Giant Squid
Bigger than the one you eat in Fish n Chip restaurant
WELLINGTON, New Zealand -- A rare
and dangerous squid with eyes the size of dinner plates and scores of
razor-sharp hooks to snag its prey has been caught by fishermen off Antarctica,
New Zealand scientists said on Thursday.
The half-grown female colossal squid is only the second intact example of the
monster cephalopod known to have been found, said marine biologist Steve O'Shea
of New Zealand's national museum.
"I've seen 105 giant squid, but seeing something like this is pretty
sensational," O'Shea told Reuters.
A trawler caught the 150 kg, 330-pound squid in the sub-Antarctic Ross Sea about
3540 kilometers (2,200 miles) south of Wellington.
The squid was eating Patagonian Toothfish, which grow to two meters in length,
when it was caught. It was dead when it was hawled into the trawler and the
remains are now in the New Zealand national museum.
The body of the colossal squid is much bigger than the giant squid, which can
weigh up to 900 kg, 2,000 pounds when fully grown. A giant squid's tentacles can
be up to 13 meters long, compared with five meters on the recovered creature.
Comparisons are difficult because of the colossal squid's hostile environment
and rarity. Five of the six previous discoveries have only been pieces inside
sperm whale stomachs.
More dangerous
American marine biologist Kat Bolstad said the colossal squid was a more
dangerous animal than the giant squid, the mythical monster of the deep that
attacked Captain Nemo's Nautilus in Jules Verne's "Twenty Thousand Leagues Under
the Sea."
"This is a very aggressive animal and moves quickly. If you fell in the water
next to it you would be in big trouble," said Bolstad.
The colossal squid finds food by literally glowing in the dark, deep waters to
light up prey for its massive eyes -- the biggest of any animal.
But it is the colossal squid's weaponry that marks it out from its giant cousin.

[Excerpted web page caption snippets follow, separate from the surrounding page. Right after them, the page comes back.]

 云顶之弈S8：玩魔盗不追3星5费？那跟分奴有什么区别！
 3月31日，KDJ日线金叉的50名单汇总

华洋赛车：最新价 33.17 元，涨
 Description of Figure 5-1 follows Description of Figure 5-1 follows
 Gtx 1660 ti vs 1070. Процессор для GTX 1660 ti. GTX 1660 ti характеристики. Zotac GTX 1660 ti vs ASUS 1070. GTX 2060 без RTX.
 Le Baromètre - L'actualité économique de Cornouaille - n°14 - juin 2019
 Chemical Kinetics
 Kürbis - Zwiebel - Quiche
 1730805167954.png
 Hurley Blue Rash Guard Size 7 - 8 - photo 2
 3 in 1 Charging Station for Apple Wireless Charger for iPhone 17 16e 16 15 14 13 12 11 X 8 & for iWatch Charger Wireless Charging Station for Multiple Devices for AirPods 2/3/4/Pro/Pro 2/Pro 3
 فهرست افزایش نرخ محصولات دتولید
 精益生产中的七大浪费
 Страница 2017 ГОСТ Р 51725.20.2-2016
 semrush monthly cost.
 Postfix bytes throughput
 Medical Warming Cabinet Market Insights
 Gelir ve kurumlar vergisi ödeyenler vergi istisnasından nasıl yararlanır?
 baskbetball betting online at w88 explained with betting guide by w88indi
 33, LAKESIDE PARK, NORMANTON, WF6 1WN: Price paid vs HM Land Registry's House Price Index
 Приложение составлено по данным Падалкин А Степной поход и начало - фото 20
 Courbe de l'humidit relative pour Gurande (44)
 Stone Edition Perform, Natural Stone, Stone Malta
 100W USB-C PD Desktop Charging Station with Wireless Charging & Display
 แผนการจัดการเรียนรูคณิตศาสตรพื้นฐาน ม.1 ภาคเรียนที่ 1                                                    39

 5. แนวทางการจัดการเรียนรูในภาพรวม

Its eight arms and two tentacles have up to 25 teeth-like hooks -- deeply rooted
into muscle and able to rotate 360 degrees -- as well as the usual suckers to
ensure fish do not escape.
The hooks not only hold fish for the squid's two parrot-like beaks, but also are
used to fend off attacks from hungry sperm whales, O'Shea said.
The species, whose scientific name is mesonychoteuthis hamiltoni, was previously
thought to have lurked at least 800 meters down in the freezing waters near
Antarctica, but the specimen found a fortnight ago was near the surface.
O'Shea said the discovery raised questions about what else was down deep in the
ocean.
"We know so little about the marine environment in general. If animals like this
are turning up, what's going to be at 3,000-meters (10,000-foot) depth. We don't
know," O'Shea said.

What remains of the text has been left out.